The average cost for employers of a court case brought under the California Private Attorneys General Act was $1.1 million in 2021, according to the CABRIA Foundation. But the insurance policies that business owners would expect to cover legal costs, settlements and judgments for these claims may not provide much coverage.
PAGA allows an aggrieved employee to stand in the shoes of the California Labor and Workforce Development Agency to seek civil penalties against their employer on behalf of themselves, other employees, and the State of California for Labor Code violations. Many of the actions concern allegations of wage and hour infractions.
These claims can be costly for employers, including a potentially burdensome discovery process, as PAGA plaintiffs may request and receive a significant amount of information from the employer.
Claims typically allege wage and hour violations such as:
- Unpaid off-the-clock work during meal periods,
- Misclassification of employees as independent contractors, and
- Rounding employee time entries.
PAGA claims, however, are not limited to wage and hour claims.

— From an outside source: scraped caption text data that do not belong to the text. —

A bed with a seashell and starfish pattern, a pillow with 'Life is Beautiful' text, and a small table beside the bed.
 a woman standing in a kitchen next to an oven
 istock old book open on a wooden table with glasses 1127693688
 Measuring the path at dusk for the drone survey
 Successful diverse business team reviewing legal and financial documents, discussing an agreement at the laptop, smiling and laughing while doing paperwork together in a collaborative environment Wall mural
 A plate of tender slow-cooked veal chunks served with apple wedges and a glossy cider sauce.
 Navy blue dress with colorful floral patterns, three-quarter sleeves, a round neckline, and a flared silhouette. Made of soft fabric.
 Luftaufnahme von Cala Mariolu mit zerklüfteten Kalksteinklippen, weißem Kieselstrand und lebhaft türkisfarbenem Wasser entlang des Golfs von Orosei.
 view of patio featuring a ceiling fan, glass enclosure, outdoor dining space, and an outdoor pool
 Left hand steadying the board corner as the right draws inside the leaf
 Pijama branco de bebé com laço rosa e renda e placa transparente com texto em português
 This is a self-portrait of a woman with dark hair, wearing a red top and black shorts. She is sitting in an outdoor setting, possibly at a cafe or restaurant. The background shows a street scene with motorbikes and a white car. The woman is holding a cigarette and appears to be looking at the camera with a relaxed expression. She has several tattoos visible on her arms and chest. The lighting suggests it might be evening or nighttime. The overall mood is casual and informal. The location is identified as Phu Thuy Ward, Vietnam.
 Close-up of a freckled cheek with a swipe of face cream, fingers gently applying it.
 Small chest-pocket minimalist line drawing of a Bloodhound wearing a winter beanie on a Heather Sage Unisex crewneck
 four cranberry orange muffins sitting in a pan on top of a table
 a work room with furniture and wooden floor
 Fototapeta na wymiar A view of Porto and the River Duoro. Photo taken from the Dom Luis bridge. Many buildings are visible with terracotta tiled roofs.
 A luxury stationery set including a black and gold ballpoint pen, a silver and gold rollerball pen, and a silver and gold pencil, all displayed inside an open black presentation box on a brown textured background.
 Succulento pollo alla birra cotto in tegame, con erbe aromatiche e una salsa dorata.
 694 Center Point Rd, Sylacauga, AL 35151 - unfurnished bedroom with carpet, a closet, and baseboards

They can involve a multitude of labor law violations, including discrimination, retaliation and failure to protect the health and safety of employees.
Recent action
California employers did get a semblance of reprieve last year when the U.S. Supreme Court ruled that employers can compel arbitrations for employee-initiated PAGA actions if they have signed arbitration agreements.
The court also held that if a plaintiff in a PAGA action is bound to arbitration, they automatically lose standing to prosecute claims on behalf of other “aggrieved” employees and remaining PAGA claims must be dismissed.
However, the court left one important question open: whether an employee compelled to arbitrate their individual PAGA claims loses standing under California law to pursue representative claims on behalf of other employees.
The California State Supreme Court is scheduled to hear a case to clear up this matter. If the judges rule that the case of an employee bound to arbitration can still proceed in court for the other employees they represent, it may render the U.S. Supreme Court ruling meaningless.
The insurance conundrum
That leaves employers in a difficult position in terms of their insurance coverage.
The first policy an employer would naturally turn to is their employment practices liability insurance (EPLI) since it is specifically designed to cover workplace actions by employees. The other policy they may consider tapping is their directors and officers (D&O) insurance.
However, EPLI policies typically exclude wage and hour claims (the most common PAGA claims), or they will impose significant limits on what they will pay out for such claims. Similarly, D&O policies for private companies also exclude wage and hour claims, and policies for publicly traded companies.
Additionally, most D&O and EPLI policies will not cover penalties, which is typically the way that PAGA awards are assessed. When employees sue under PAGA, they cannot seek lost wages or damages, rather they can only seek penalties.
One option is wage and hour insurance, which most likely would provide defense and indemnity coverage for PAGA claims that allege violations of wage and hour laws and regulations.
However, these policies are expensive and usually have quite high retentions, which could price out most smaller employers.